Strictly speaking, the dramatic text operates as a supplement to the performance it plans or “maps,” as a secondary source to a primary experience it closely resembles but with which it can never become synonymous. Transacting a reading with this text alone is, of course, a perfectly legitimate exercise insofar as the performance to which the text refers can never be reconstructed in a manner that will satisfy everyone in regard to its validity or authority. However, no response to a dramatic text that proceeds in the absence of performative considerations can lay claim to being also a response to the play that is the elusive signified of the textual signifier. This is the case because a play performed in a uniquely public space, constructed with a conscious regard for bringing audiences into close proximity to speaking pictures and animated emotions, necessarily claims a more active role in shaping and manipulating audience response than has recently been claimed for nondramatic texts, which are considered to be mere passive accomplices to the interpretive act itself.33 This priority of performance dynamics in a play's shaping of audience response requires the reader- or audience-oriented critic of dramatic texts to construct a provisional mean between the two extremes embodied by the static text which we alone can animate and the kinetic play which alone can animate us. Lacking a representative performance version of a play like Timon to which we can refer with the same graphic consistency as we refer to its text, we are compelled to operate in a middle ground that is, admittedly, of our own making, but that is also shaped by a sustained regard for the conventions of theatrical performance and for the peculiar psychology of theatrical experience. Obviously, the validity of this operation finally depends on whether or not the audience-oriented critic and his audience are in agreement in regard to what these conventions are and what this peculiar psychology actually entails; it depends, that is, on whether or not they are—to borrow Fish's phrase—“member[s] of the same interpretive community.”34

Although I am tempted to conclude, with Fish, that my audience “will agree with me … only if [it] already agree[s] with me,” I am equally tempted to believe that an exercise like the one I have conducted in relation to Timon of Athens may be able to provoke even the most wary of my readers to conduct similar exercises of their own. I base my optimism on the fact that the present generation of Shakespearean scholars and critics has been for some time actively preoccupied with approaching the plays of Shakespeare and his contemporaries as performance texts, instead of as purely literary artifacts.35 This emphasis on performance values and dramatic conventions has, admittedly, been generally restricted to the province of the stage itself; scholars have wandered into the province of the audience only with the greatest reluctance and usually when they are well equipped with a stock of documentary sources.36 Psychoanalytically inclined Shakespeareans have, of course, been more eager to project their own “identity themes” into the affective range of the audience, and it is with their critical procedures that my own approach to audience response is closely allied.37 But in the end I am most interested in seeing whether a comparatively objective concern with Shakespeare in performance can be combined with a comparatively subjective concern for how performances are transacted by audiences in order to render a more complete model of theatrical experience than criticism has yet provided. Since my own model in this essay has been Burke's rather eclectic approach to Timon, I would like to conclude by summarizing his argument in the context of the issues I have raised above.

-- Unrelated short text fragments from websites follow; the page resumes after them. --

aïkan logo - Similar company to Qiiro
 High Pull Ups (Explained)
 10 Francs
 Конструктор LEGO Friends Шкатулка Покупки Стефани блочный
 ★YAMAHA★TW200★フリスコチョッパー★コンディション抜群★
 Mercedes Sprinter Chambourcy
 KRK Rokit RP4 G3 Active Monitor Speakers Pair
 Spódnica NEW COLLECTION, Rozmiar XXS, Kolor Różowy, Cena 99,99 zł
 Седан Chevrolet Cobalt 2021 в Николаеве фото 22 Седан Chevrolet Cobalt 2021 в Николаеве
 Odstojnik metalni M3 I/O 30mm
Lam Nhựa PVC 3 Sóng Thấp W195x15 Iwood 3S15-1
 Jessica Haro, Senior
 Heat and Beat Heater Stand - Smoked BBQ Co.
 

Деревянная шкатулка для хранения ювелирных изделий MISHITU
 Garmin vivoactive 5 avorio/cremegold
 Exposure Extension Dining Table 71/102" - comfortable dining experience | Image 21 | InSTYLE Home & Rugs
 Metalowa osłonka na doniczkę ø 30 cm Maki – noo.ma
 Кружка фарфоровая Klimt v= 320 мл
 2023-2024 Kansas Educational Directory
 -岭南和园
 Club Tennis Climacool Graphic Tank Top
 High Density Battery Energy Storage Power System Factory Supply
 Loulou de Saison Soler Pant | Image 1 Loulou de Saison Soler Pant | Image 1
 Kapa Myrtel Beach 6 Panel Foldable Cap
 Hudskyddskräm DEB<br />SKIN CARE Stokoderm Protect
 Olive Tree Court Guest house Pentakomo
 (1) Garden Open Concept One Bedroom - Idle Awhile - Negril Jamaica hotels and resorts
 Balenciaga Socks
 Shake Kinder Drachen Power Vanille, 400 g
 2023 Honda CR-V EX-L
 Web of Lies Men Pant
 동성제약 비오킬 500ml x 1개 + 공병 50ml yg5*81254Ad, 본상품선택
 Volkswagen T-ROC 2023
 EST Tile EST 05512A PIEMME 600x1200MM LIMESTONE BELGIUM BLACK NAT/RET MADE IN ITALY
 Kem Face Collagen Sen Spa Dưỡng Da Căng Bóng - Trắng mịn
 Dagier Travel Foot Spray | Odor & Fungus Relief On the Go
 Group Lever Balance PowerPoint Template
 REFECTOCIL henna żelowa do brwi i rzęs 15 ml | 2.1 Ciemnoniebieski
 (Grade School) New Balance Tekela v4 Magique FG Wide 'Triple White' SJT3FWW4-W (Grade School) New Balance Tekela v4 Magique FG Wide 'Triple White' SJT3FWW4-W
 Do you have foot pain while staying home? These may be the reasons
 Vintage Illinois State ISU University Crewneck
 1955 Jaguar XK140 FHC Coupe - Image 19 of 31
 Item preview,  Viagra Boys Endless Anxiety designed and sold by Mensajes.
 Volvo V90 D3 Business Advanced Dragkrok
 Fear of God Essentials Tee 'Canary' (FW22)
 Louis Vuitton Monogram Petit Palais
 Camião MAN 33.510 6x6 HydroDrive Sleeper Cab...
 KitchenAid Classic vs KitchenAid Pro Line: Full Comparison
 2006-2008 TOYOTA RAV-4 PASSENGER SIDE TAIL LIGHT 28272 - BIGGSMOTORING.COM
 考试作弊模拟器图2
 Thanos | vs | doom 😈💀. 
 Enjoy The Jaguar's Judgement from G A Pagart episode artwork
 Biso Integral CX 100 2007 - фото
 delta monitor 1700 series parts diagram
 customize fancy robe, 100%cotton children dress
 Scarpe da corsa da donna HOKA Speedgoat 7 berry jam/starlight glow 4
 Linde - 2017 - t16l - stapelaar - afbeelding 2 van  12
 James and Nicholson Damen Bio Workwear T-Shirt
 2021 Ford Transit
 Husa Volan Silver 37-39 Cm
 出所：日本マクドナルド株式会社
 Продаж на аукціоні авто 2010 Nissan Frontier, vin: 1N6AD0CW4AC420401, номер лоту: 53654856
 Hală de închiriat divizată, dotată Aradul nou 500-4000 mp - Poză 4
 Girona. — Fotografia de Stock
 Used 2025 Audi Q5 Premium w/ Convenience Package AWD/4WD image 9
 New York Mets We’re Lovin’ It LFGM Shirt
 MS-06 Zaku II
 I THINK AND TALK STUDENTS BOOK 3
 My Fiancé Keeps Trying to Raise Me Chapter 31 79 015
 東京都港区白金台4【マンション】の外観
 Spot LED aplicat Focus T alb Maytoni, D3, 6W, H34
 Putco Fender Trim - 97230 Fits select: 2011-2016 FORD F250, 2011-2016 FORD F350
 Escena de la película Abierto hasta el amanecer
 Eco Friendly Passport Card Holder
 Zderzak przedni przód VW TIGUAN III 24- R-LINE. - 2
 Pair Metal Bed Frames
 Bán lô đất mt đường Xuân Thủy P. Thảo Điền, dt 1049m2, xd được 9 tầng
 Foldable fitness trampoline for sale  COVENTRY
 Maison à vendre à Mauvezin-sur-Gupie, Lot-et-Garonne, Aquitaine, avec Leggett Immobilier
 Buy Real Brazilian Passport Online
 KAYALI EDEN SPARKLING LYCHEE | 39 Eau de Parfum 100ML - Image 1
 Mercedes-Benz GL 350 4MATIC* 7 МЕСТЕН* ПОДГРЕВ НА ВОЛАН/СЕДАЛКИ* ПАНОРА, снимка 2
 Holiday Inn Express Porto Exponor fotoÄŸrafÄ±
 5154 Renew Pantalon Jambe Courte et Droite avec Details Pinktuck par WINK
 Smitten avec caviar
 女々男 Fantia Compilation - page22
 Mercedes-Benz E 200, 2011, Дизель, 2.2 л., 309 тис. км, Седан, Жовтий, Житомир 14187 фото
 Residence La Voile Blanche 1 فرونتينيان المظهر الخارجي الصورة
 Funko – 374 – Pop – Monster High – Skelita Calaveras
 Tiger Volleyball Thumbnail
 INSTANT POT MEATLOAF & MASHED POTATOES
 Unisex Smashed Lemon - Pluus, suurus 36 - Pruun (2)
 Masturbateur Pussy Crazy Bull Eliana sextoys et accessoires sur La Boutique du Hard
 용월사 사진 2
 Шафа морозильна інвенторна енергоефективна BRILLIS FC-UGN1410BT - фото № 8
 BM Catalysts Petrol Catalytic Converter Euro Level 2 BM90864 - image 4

In claiming so privileged a position for Timon's commitment to invective in the dramatic economy of the play, and in suggesting that invective may serve a curative function for the audience that is usually associated with more decorous pronouncements on the part of Shakespeare's protagonists, Burke is both calling attention to the need to give priority to performance dynamics in the criticism of dramatic texts and confirming the priority of psychological effect, as opposed to “theme” or “meaning,” in our experience of plays. Instead of standing back from the insistent presence of Timon himself in order to legislate a meaning consistent with Shakespeare's status as a humanistic institution—one that would presumably focus on Timon's prodigality, misplaced idealism, or downright immaturity—Burke grants Timon the dramatic status with which the play itself endows him, casting him as the prevailing focus of the play's theatrical gravity, as the sustained object of the play's operation on its audience's capacity for identification.38 In so doing, he relieves us of our groundedness in a corrupt text that we attempt to piece together with the help of strategies borrowed from our experience of other, more obviously accommodating, plays, as well as from the stockpile of traditional literary criticism and received ideas. My own effort to give priority to the interplay between performance and response is meant to serve a similar function in regard to our general approach to other dramatic texts that are corrupt only insofar as they remain unanimated by performative considerations. At the very least, it is meant to encourage others to “Piece out [its] imperfections with [their] thoughts.”

Notes

  1. The quoted phrase is taken from Kenneth Burke, “Timon of Athens and Misanthropic Gold,” in Language as Symbolic Action (Berkeley, Calif.: University of California Press, 1966), p. 115.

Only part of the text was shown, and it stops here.